Wilson v. Wallace

67 Vt. 646 | Vt. | 1893

MUNSON, J.

The suit is brought to recover the price ■of a colt which plaintiff sold defendant at a sheriff’s sale. The defendant contests the suit on the ground that the colt has been taken from him by virtue of a valid chattel mortgage. The plaintiff did not recognize the mortgage, but sold the property as not incumbered. The mortgagee had .an understanding with the mortgagor, before the property was attached, that the mortgagor might sell the mortgaged property as he wished to, and use the avails if he wished to.
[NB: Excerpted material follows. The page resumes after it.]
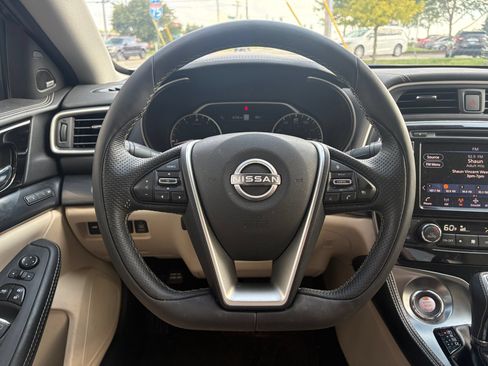 Used 2023 Nissan Maxima Platinum w/ Sport Mat Group FWD image 9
The question raised by this understanding is different Trom that determined in Peabody v. Landon, 61 Vt. 318. It was there held that a permission to . sell in the ordinary way a stock of merchandise which the mortgage required the mortgagor to keep good by purchases made from the receipts of his sales, did not invalidate the mortgage as to creditors. The full discussion of the general subject contained in the opinion in that case renders any special reference to the authorities at this time unnecessary. The opinion recognizes the force of the contention that a mortgage is vitiated by a provision which permits the mortgagor to sell the entire property in a single transaction for his own benefit, but considers that a different question is presented by a permission to make sales in the usual course of business from a stock of goods which the mortgagor is required by the terms of the mortgage to keep up, for the reason that in such a case the power of sale is limited by the stipulation to maintain the stock. It will be noticed that the further discussion is with reference to sales which are supposed to be for the benefit of the mortgagee, however unreservedly the business may be left in the hands of the mortgagor. We fail to find any intimation in the opinion that a mortgage can be held valid which authorizes the mortgagor to sell the entire prop-erty at pleasure for his own benefit.
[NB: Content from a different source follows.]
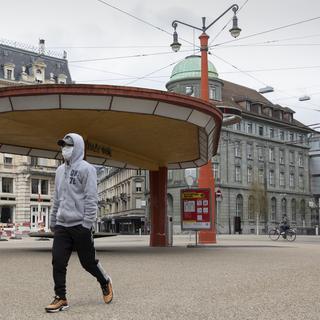 Une personne avec un masque à Bienne. [Keystone - Peter Klaunzer]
*648We think it must be regarded as beyond question that a provision in a chattel mortgage which places the mortgaged property at the absolute disposal of the mortgagor will invalidate the mortgage as to creditors. And it has been repeatedly held that a stipulation which will invalídate a mortgage if incorporated in it will have the same effect upon its validity if otherwise agreed to at the time the mortgage is given. It being the sole purpose of a mortgage to furnish security, a conveyance in mortgage cannot take effect as-against creditors when there is a contemporaneous agreement that the mortgagor may still treat the property as if no* mortgage had been given.
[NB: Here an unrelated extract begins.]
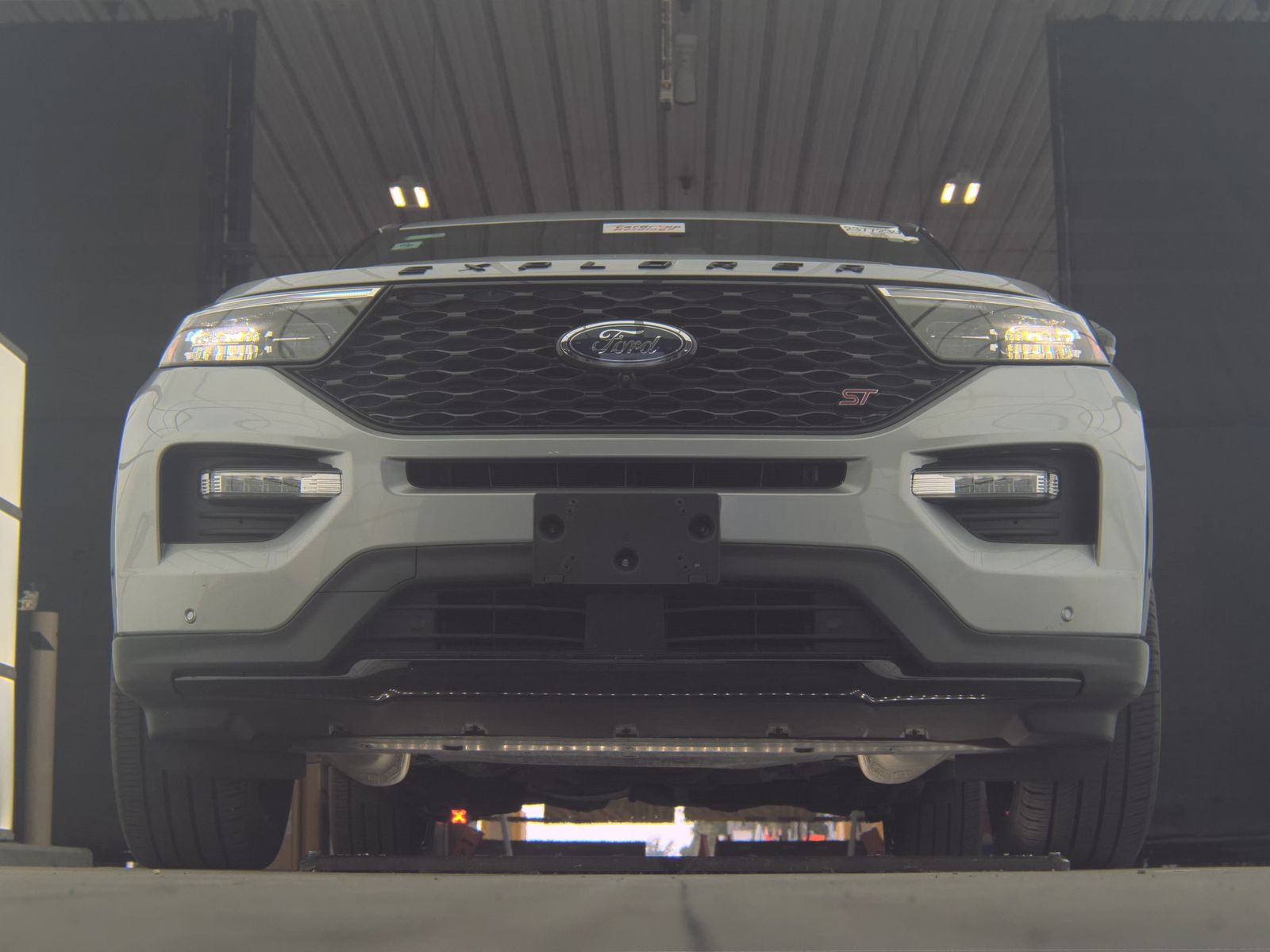 FORD EXPLORER - 4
We think it would be equally inconsistent with the nature of a mortgage to hold that it can continue to exist as against creditors in connection with such an agreement subsequently made. It would seem that an agreement which, if made in connection with the giving of the mortgage, would prevent its taking effect, ought, if afterwards made, to put an end to it. Upon the subsequent making of such an agreement the mortgage becomes what it would have been at its inception had the agreement been contemporaneous. We see no' reason why creditors should not be permitted to treat such an agreement subsequently made as an abandonment of the security — a practical discharge.

We find this position is not without the support of authority. In Barnet v. Fergus, 51 Ill. 352; 99 Am. Dec. 547, the question was in regard to the validity of a chattel mortgage which was valid on its face and at its inception. It 'was held that the holder of such a mortgage might lose his right to enforce it by subsequent acts, and that he would lose it if he permitted the mortgagor to hold the property for sale. It was considered that this was a necessary consequence of the doctrine held by that court, that a mortgage which authorizes the mortgagor to sell the property in the usual course of trade is void as to creditors.

*649The defendant also relies upon the existence of a mortgage of earlier date than the one above considered, which covered a part of the property subsequently mortgaged, including the colt in controversy. After the sheriff’s sale, the second mortgagee, whose understanding with the mortgagor in regard to his own mortgage has already been stated, paid the holder of this prior mortgage the amount then secured by it. We think this payment of the first mortgage gave the second mortgagee no better right than he had by virtue of his own mortgage, and consequently can be of no avail to the defendant. As we have seen, the second mortgagee’s arrangement with the mortgagor was in effect a discharge of his mortgage as regards creditors. This terminated his interest in the colt as against the levying creditor; and, having no longer that interest to protect by a payment of the first mortgage, his payment of the mortgage was as to the creditor that of a volunteer, and gave him no right to have it kept on foot to defeat the levy.. It is clear that the defendant cannot avoid payment on account of the first mortgage by asserting a right of subrogation in the second mortgagee.

Judgment reversed and judgment for plaintiff.